Segment Start: Entries supplied
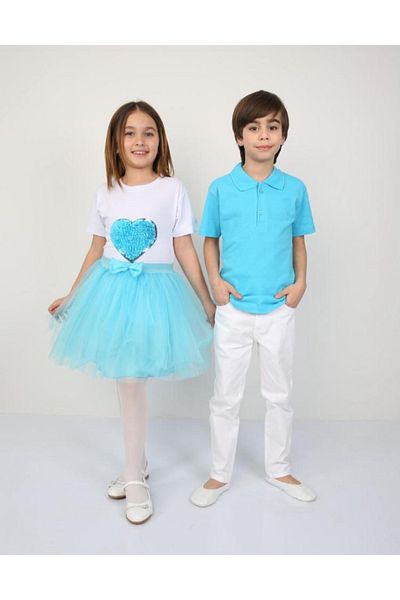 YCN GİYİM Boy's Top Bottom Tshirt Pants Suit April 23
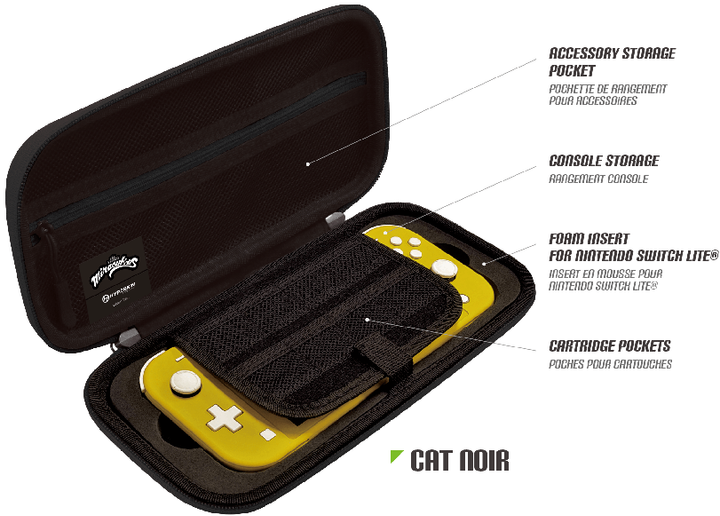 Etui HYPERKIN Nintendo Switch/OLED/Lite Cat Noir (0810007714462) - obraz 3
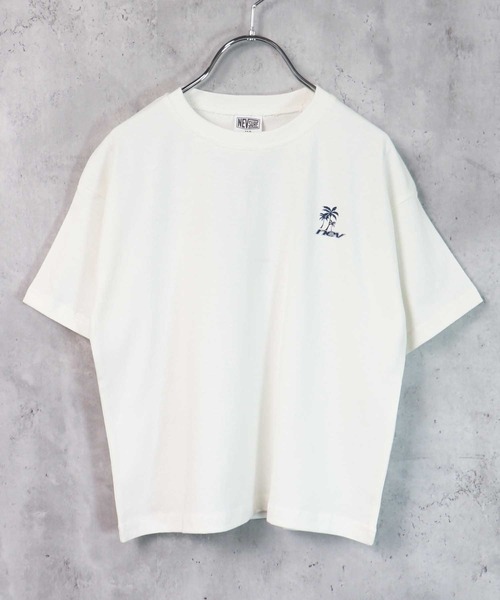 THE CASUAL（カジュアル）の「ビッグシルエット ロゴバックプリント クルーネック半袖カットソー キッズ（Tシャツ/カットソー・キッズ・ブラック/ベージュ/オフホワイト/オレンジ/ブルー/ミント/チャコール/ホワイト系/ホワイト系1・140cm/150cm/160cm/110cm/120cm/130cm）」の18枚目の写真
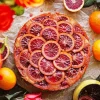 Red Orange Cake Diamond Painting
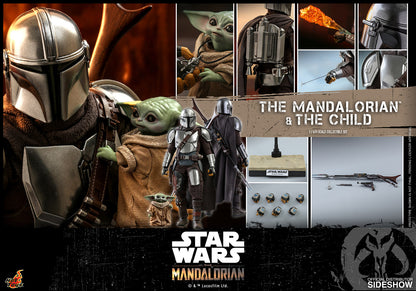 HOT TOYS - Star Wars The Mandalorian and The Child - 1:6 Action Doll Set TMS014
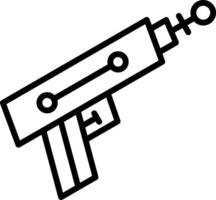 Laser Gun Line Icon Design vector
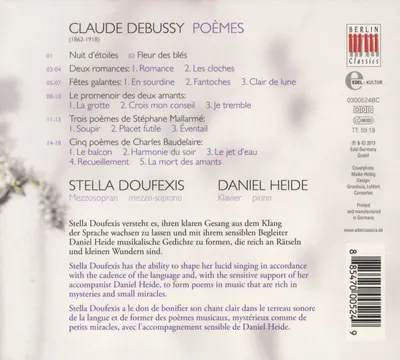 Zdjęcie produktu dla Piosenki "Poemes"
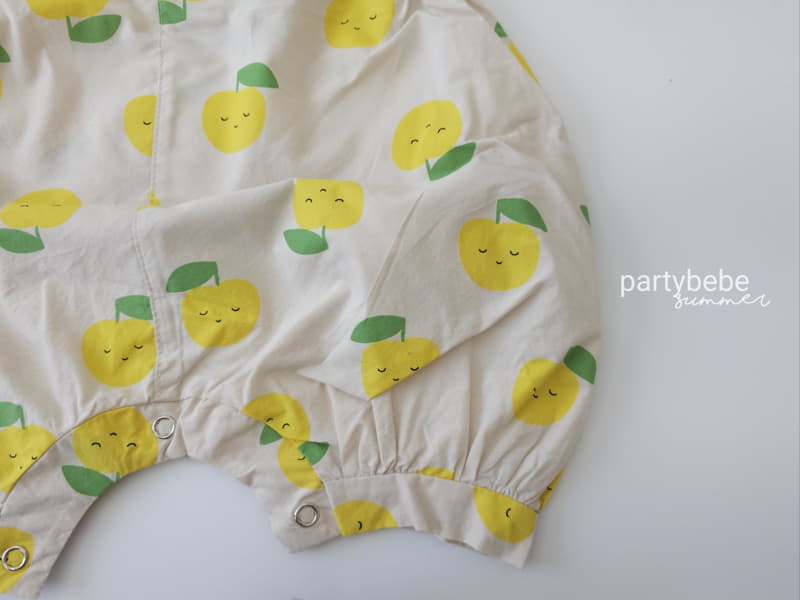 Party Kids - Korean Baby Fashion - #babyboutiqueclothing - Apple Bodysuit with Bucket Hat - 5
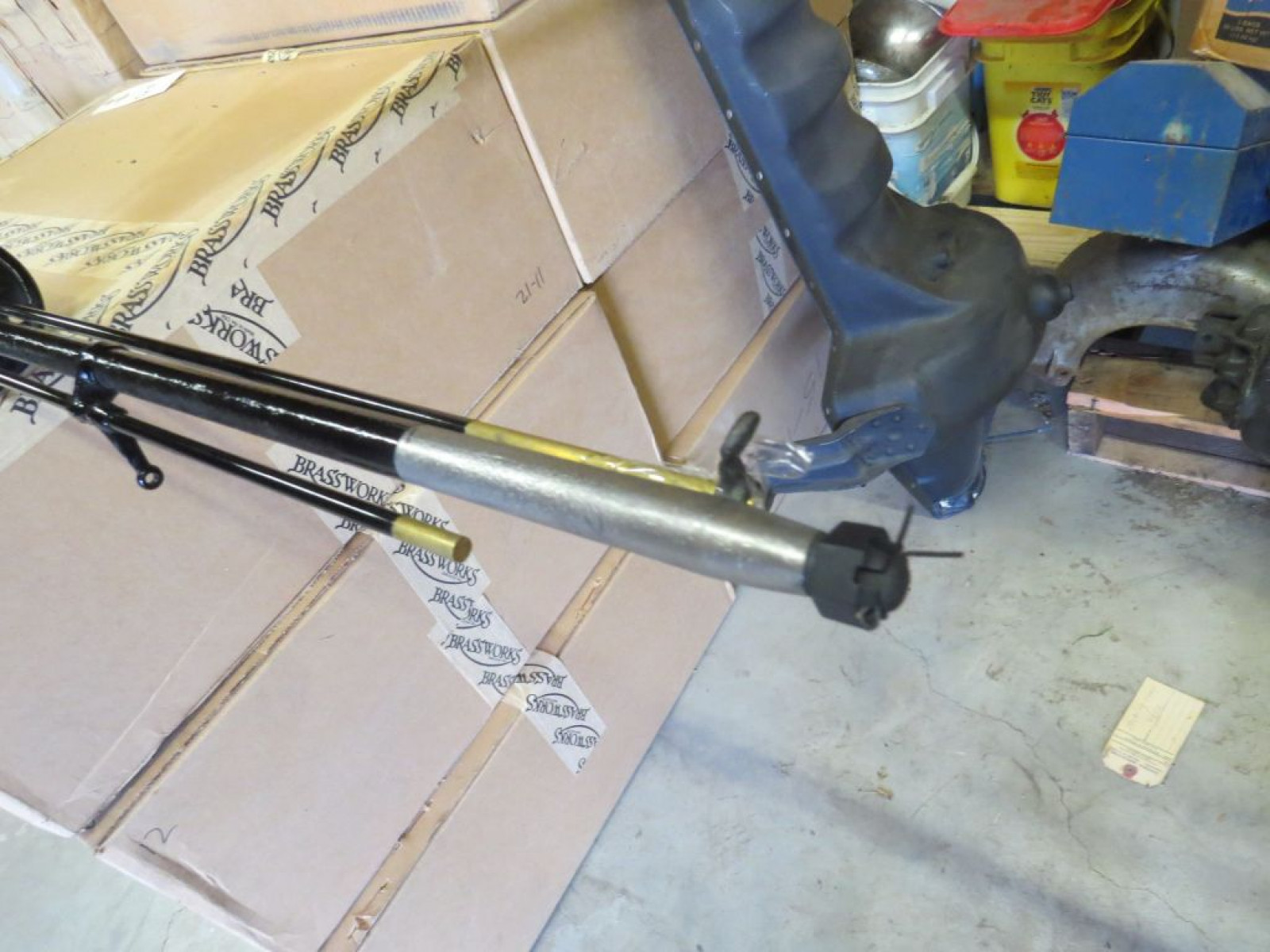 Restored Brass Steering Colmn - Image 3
Segment End: Entries supplied
Segment Start: Entries supplied
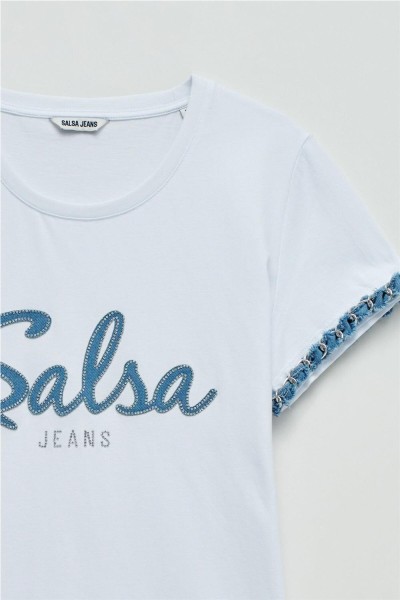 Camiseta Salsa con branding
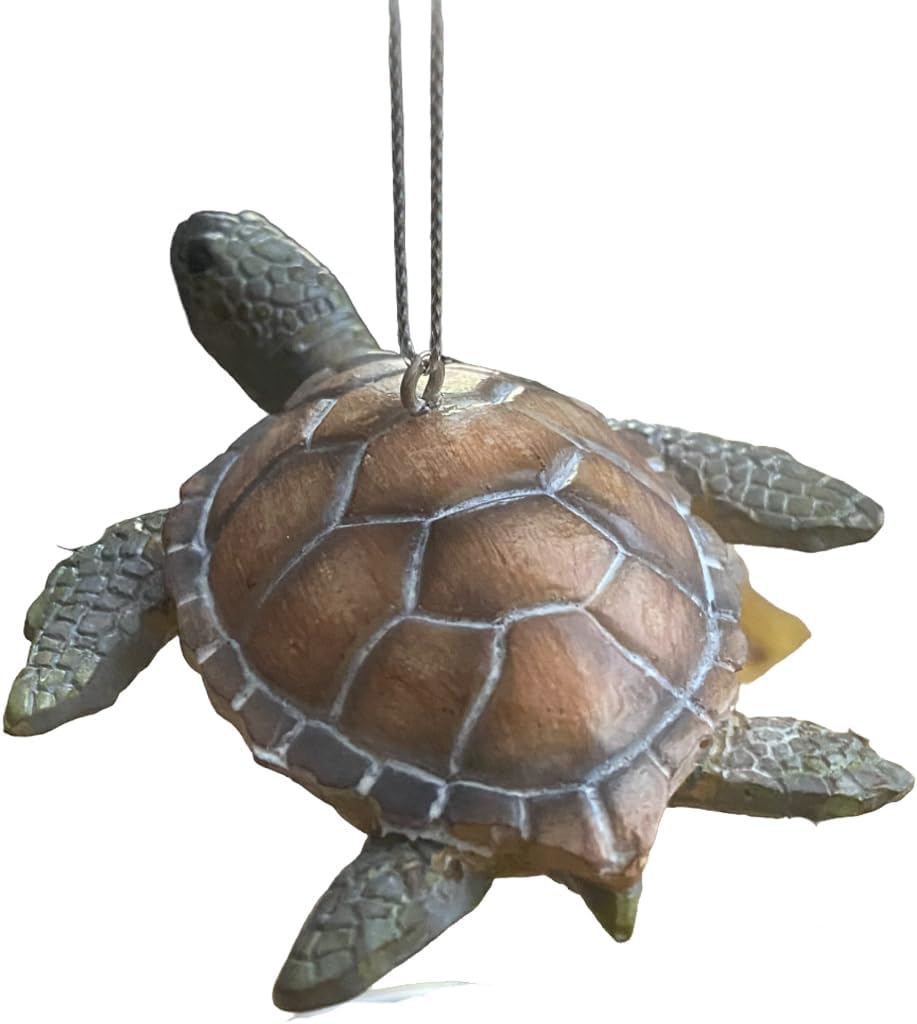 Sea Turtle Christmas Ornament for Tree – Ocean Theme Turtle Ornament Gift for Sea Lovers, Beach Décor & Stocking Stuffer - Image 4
Segment End: Entries supplied
Would you set down only the lines above from the line with "THE CASUAL（カジュアル）の「ビッグシルエット ロゴバックプリント" to the line with "Restored Brass Steering Colmn - Image 3", both included, exactly as they stand and without the pictures?

 THE CASUAL（カジュアル）の「ビッグシルエット ロゴバックプリント クルーネック半袖カットソー キッズ（Tシャツ/カットソー・キッズ・ブラック/ベージュ/オフホワイト/オレンジ/ブルー/ミント/チャコール/ホワイト系/ホワイト系1・140cm/150cm/160cm/110cm/120cm/130cm）」の18枚目の写真
 Red Orange Cake Diamond Painting
 HOT TOYS - Star Wars The Mandalorian and The Child - 1:6 Action Doll Set TMS014
 Laser Gun Line Icon Design vector
 Zdjęcie produktu dla Piosenki "Poemes"
 Party Kids - Korean Baby Fashion - #babyboutiqueclothing - Apple Bodysuit with Bucket Hat - 5
 Restored Brass Steering Colmn - Image 3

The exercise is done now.